The Capitoline Hill, for which the seat of the American Congress is named, was the most central hill of ancient Rome. At its southern side stood the Temple of Jupiter, which was the focal point of the Roman world. It is here that the most important ceremonies and rituals took place. Throughout the city’s history, the Capitol has remained the seat of municipal government. Today’s city council, the Comune di Roma, meets in the Palazzo Senatorio on the Piazza del Campidoglio.
Capitoline Hill Rome
Two sets of steps lead to the top of the Capitoline Hill. The steps leading up to the Piazza del Campidoglio are known as the Cordonata. To the left of these steps is another set of steps leading up to the Santa Maria in Aracoeli church.
Michelangelo himself was responsible for the beautiful Piazza del Campidoglio at the top of the Capitol Hill. In the center of this square stands an equestrian statue of Marcus Aurelius.
Even today the Campidoglio still houses the seat of Rome’s city council, in the form of the Palazzo Senatorio. This is the central one of the three buildings flanking the Piazza.
The other two are the Palazzo Nuovo en the Palazzo dei Conservatori. Together these two buildings form the seat of the Capitoline Museums. They are connected by the Tabularium, a hallway underneath the Palazzo Senatorio.

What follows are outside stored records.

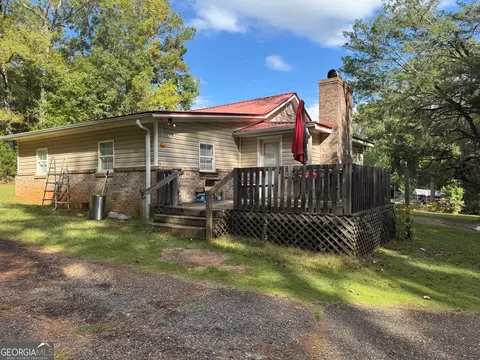 45 Davidson Rd, West Point, GA 31833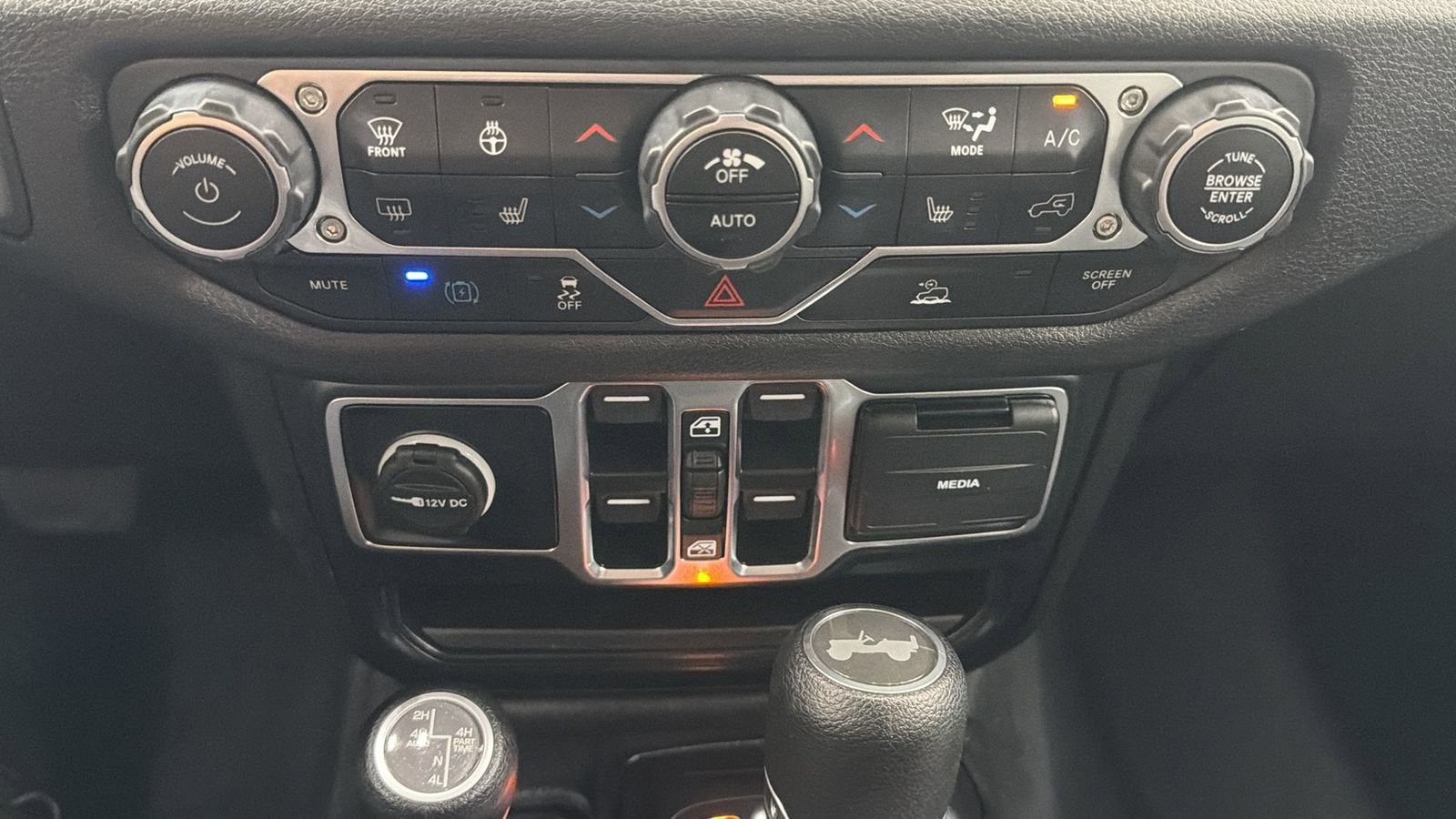 Used 2024 Jeep Wrangler Unlimited w/ Dual Top Group AWD/4WD image 23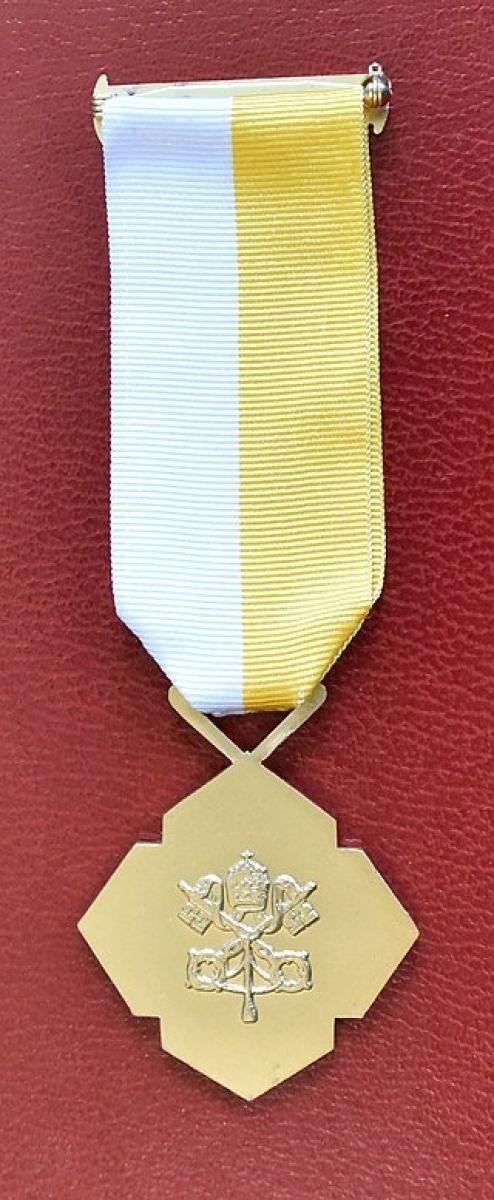 Zdjęcie w galerii na portalu naszraciborz.pl: Krzyż Pro Ecclesia et Pontifice w Kościele pw. Św. Wacława w Krzanowicach wiadomości z regionu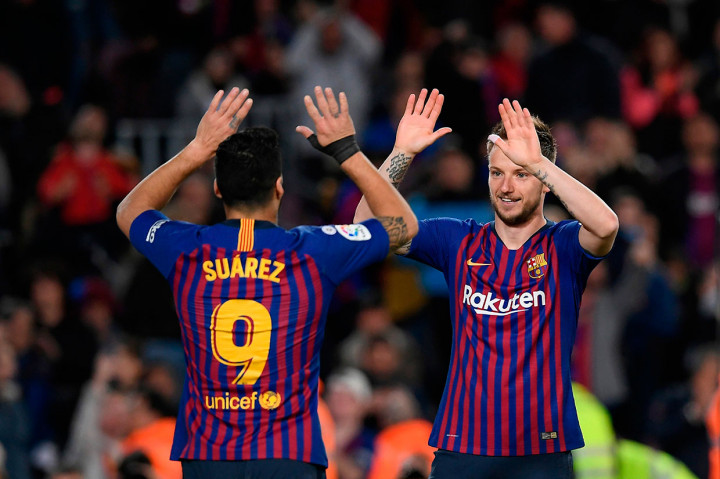 Luis Suarez memperbesar keunggulan Barcelona menjadi 3-1 lewat kerja sama umpan satu dua sentuhan dengan Ivan Rakitic sebelum menyarangkan bola ke gawang tak bertuan. Gol itu menajamkan catatan pribadi Suarez yang kini telah mencetak enam gol dalam lima pertemuan kontra Vallecano.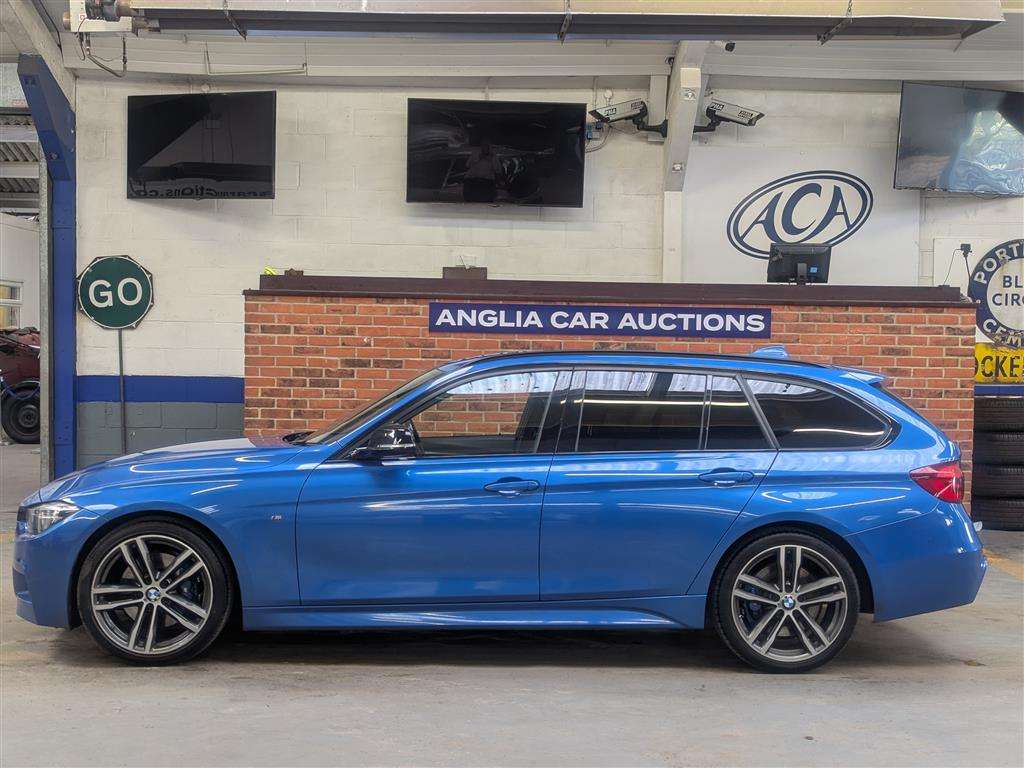 <p>2019 BMW 320D M SPORT SHADOW EDITI</p>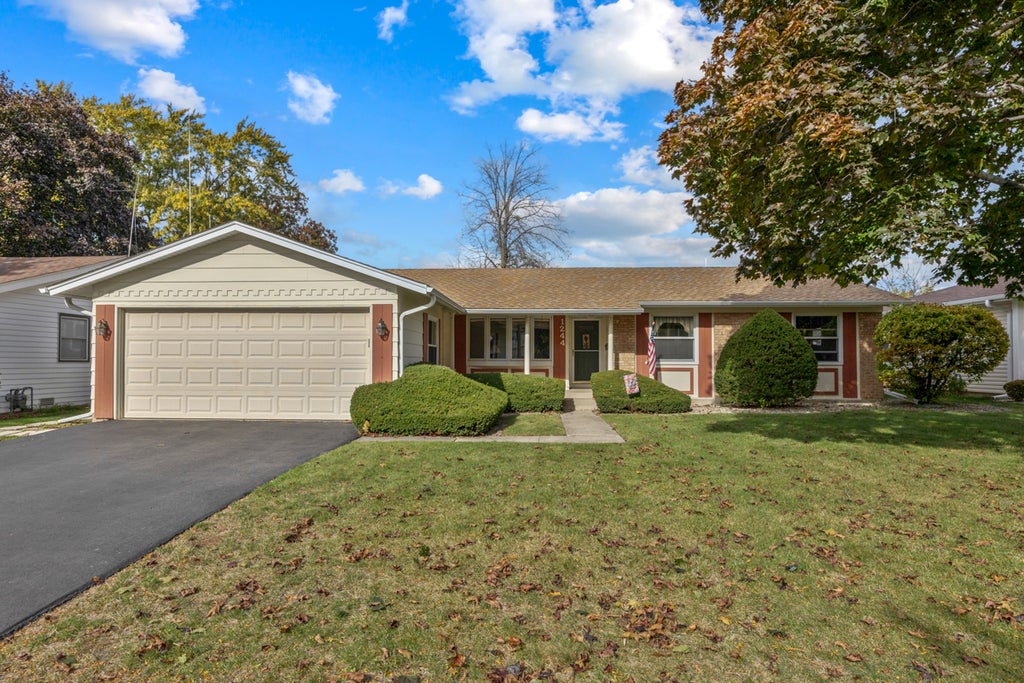 1244 Dover Lane, Elk Grove Village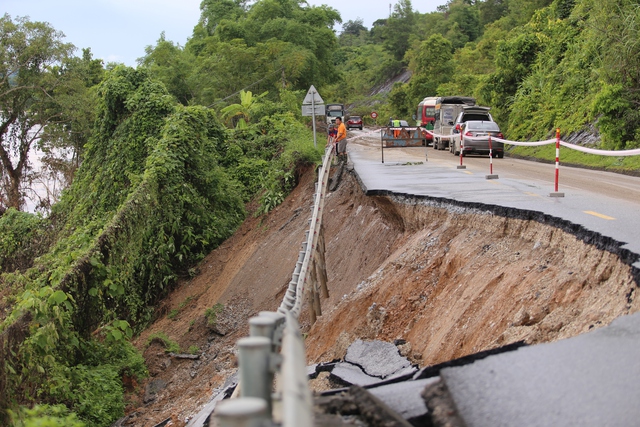 Nhiều khu vực có nguy cơ lũ quét , sạt lở đất do mưa lớn.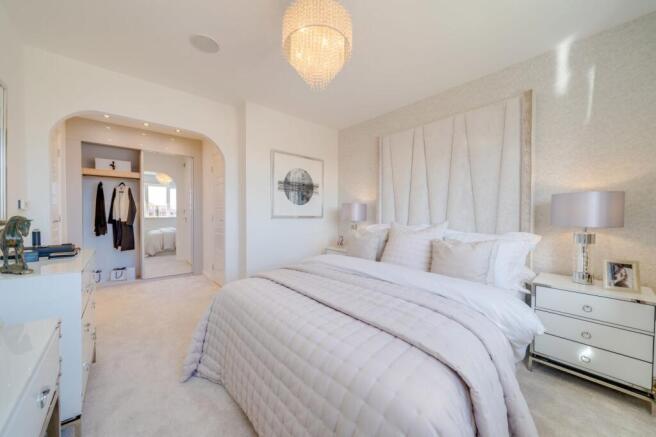 4 bed Detached for sale Image 7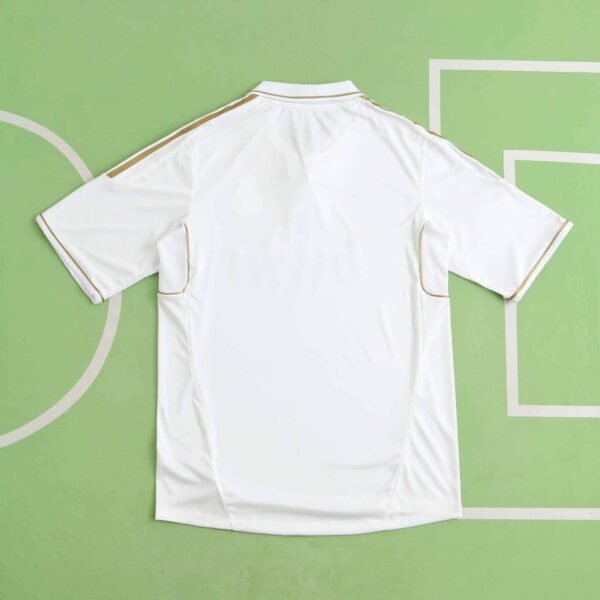⁦1112 season Real Madrid home retro Player version⁩ - الصورة ⁦2⁩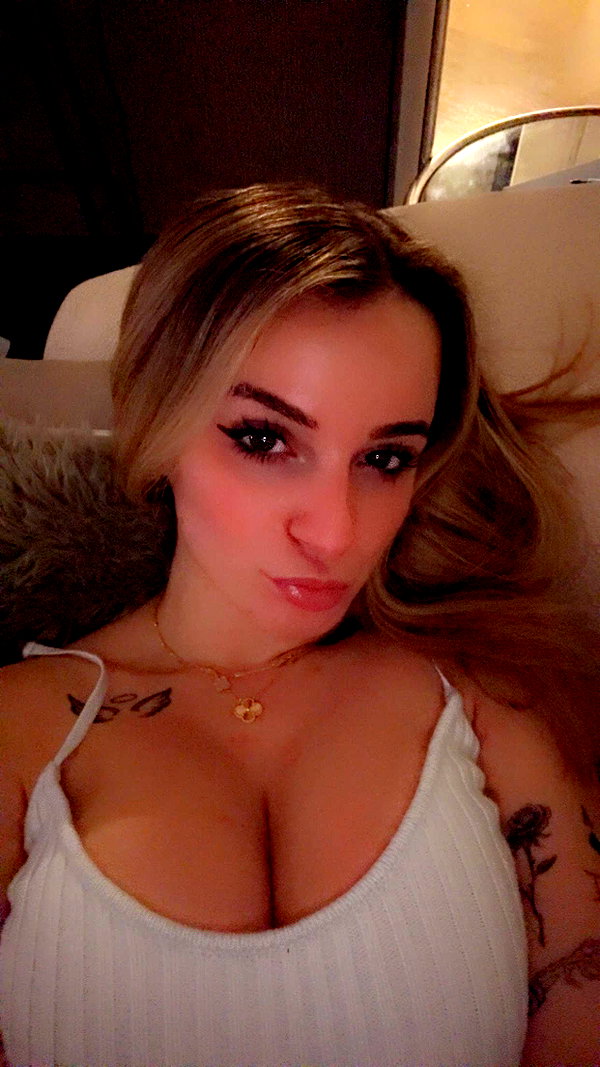 kaitlyn_krems snapchat image archive image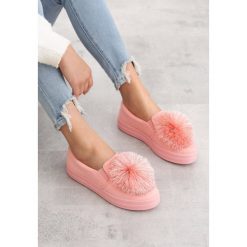 Różowe Slip On Tassel. Różowe trampki i tenisówki damskie Born2be, bez wzorów, bez zapięcia. W wyprzedaży za 49,99 zł.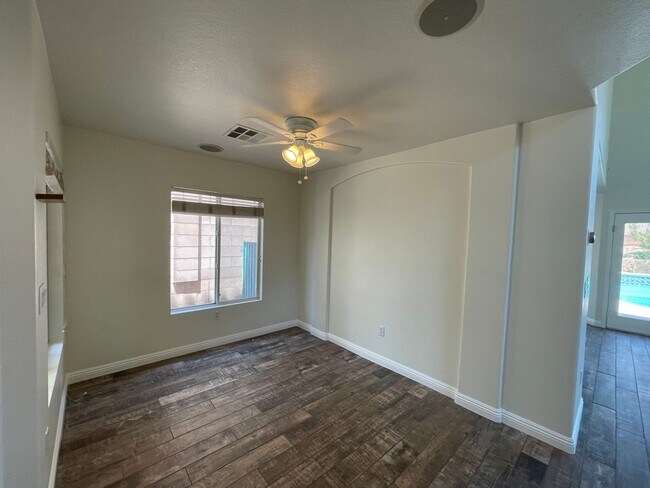 Foto del edificio - Summerlin Area Pool Home in Gated Community!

On the north side of the hill the Monument for Victor Emmanuel towers above the Piazza Venezia and most of the rest of the city.
On the south side of the Capitol Hill is the Tarpeian Rock. Traitors were thrown from this steep cliff in ancient Roman days.
The ruins to the left of these steps belong to an ancient Roman insula (a sort of apartment block).
Not much is left of the Temple of Jupiter. The ruins are located behind the Palazzo dei Conservatori, but cannot be visited.